» **WORK TO BE COMPLETED**
Every line from the one with "this 1270×952 image." through the final line of the data below goes in the answer, copied exactly. Pictures do not.

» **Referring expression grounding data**
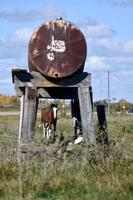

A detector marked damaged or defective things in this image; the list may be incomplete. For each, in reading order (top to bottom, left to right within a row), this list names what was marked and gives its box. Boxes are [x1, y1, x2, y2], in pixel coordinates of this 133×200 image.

rusty fuel tank [28, 18, 87, 79]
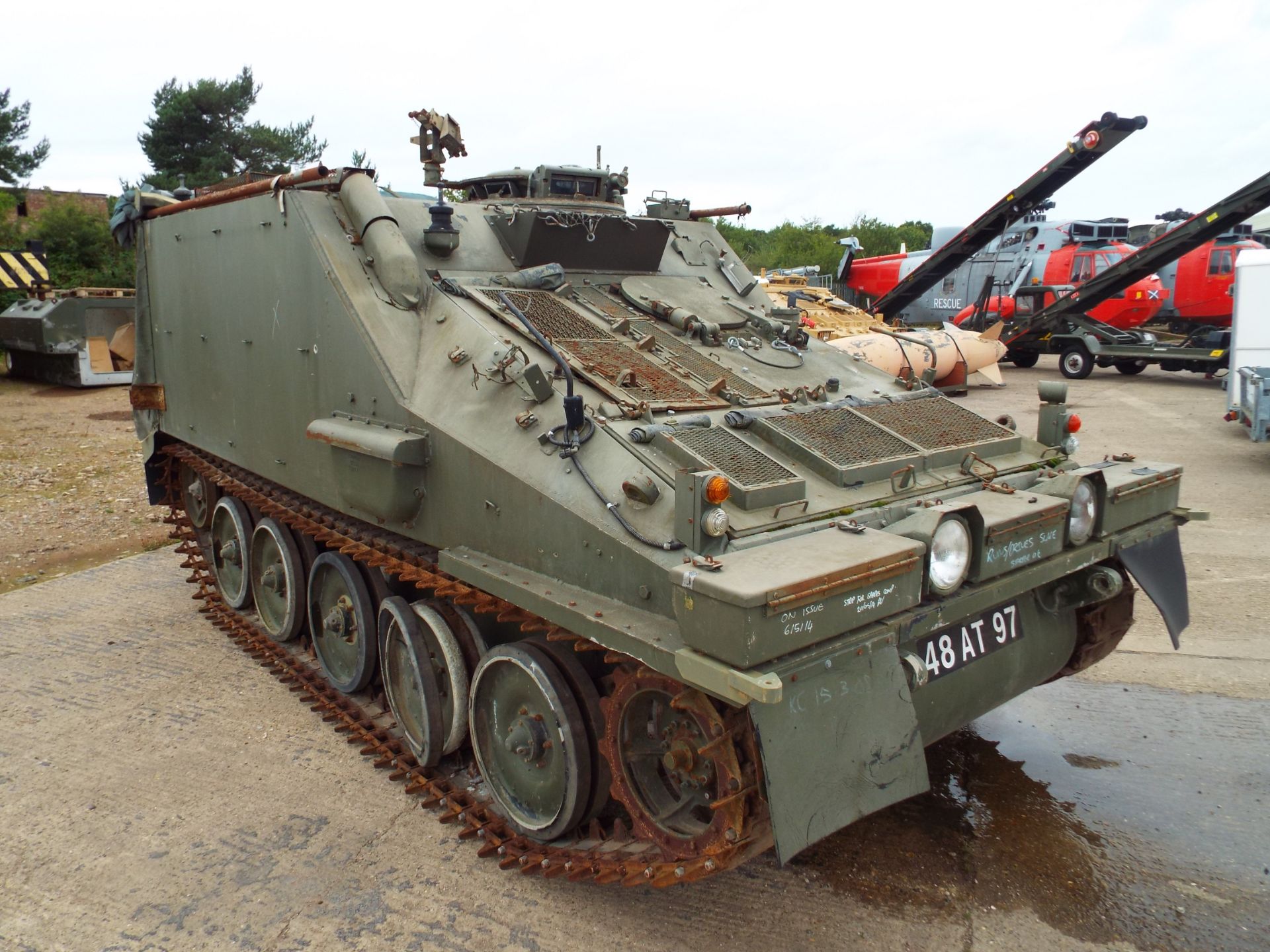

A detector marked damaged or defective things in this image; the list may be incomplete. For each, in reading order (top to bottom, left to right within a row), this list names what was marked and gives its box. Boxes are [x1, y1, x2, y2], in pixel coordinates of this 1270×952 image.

rusty metal surface [145, 167, 333, 222]
rusted grille mesh [477, 289, 612, 340]
rusted grille mesh [573, 286, 635, 322]
rusted grille mesh [630, 318, 767, 396]
rusted grille mesh [665, 428, 792, 487]
rusted grille mesh [762, 409, 914, 467]
rusted grille mesh [853, 398, 1011, 452]
rusty metal surface [159, 446, 772, 889]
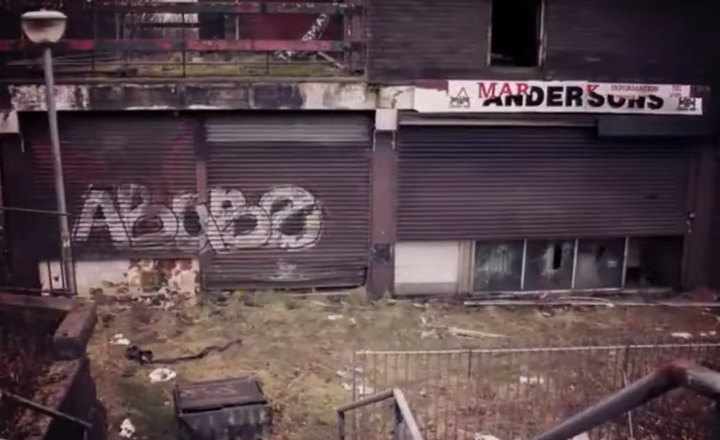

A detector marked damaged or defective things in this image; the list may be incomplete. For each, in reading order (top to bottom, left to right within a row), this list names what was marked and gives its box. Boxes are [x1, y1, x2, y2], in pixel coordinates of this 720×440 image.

» **RESPONSE AREA**
A detector marked damaged or defective things in this image; the list may be incomplete. For each, in reading order (top to bottom, left to right within a row), this list names what was marked and gives its box. Boxes are [x1, y1, x2, y2], in pixel coordinates of this 1270×952 image.

rusty metal surface [145, 167, 333, 222]
rusted grille mesh [477, 289, 612, 340]
rusted grille mesh [573, 286, 635, 322]
rusted grille mesh [630, 318, 767, 396]
rusted grille mesh [665, 428, 792, 487]
rusted grille mesh [762, 409, 914, 467]
rusted grille mesh [853, 398, 1011, 452]
rusty metal surface [159, 446, 772, 889]

A detector marked damaged or defective things in this image; the list may be incomplete. For each, in reading order (top to bottom, left to right within a row), this list names what was marked and gives its box. Boxes are [x1, y1, x2, y2], in pixel coordinates of this 720×440 image.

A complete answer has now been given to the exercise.